■ What to do ■
Write out again, exactly, the lines of the listing below from the first one through the one that contains "Prada Mini Galleria", and no other lines.

*** Begin section ***

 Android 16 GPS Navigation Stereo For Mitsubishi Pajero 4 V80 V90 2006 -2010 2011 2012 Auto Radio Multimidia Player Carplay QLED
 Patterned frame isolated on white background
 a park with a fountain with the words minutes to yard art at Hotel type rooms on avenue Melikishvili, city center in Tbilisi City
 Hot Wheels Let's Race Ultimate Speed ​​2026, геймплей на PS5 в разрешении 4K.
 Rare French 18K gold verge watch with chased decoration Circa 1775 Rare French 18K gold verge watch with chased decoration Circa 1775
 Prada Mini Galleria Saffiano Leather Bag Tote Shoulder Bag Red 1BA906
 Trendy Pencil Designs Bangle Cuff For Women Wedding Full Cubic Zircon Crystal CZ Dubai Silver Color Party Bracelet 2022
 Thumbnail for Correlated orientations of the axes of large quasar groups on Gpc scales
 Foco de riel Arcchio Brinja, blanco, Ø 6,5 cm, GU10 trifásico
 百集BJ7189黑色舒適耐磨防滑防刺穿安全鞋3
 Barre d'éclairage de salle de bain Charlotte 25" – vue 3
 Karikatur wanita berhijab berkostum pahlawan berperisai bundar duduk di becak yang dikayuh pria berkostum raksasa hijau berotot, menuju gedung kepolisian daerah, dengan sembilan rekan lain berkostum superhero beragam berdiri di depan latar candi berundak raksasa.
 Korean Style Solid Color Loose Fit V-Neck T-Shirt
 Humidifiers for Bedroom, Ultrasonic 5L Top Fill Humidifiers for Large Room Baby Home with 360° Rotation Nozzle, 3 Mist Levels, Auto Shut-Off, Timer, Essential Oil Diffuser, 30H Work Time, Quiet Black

*** End section ***

■ Task answer ■
 Android 16 GPS Navigation Stereo For Mitsubishi Pajero 4 V80 V90 2006 -2010 2011 2012 Auto Radio Multimidia Player Carplay QLED
 Patterned frame isolated on white background
 a park with a fountain with the words minutes to yard art at Hotel type rooms on avenue Melikishvili, city center in Tbilisi City
 Hot Wheels Let's Race Ultimate Speed ​​2026, геймплей на PS5 в разрешении 4K.
 Rare French 18K gold verge watch with chased decoration Circa 1775 Rare French 18K gold verge watch with chased decoration Circa 1775
 Prada Mini Galleria Saffiano Leather Bag Tote Shoulder Bag Red 1BA906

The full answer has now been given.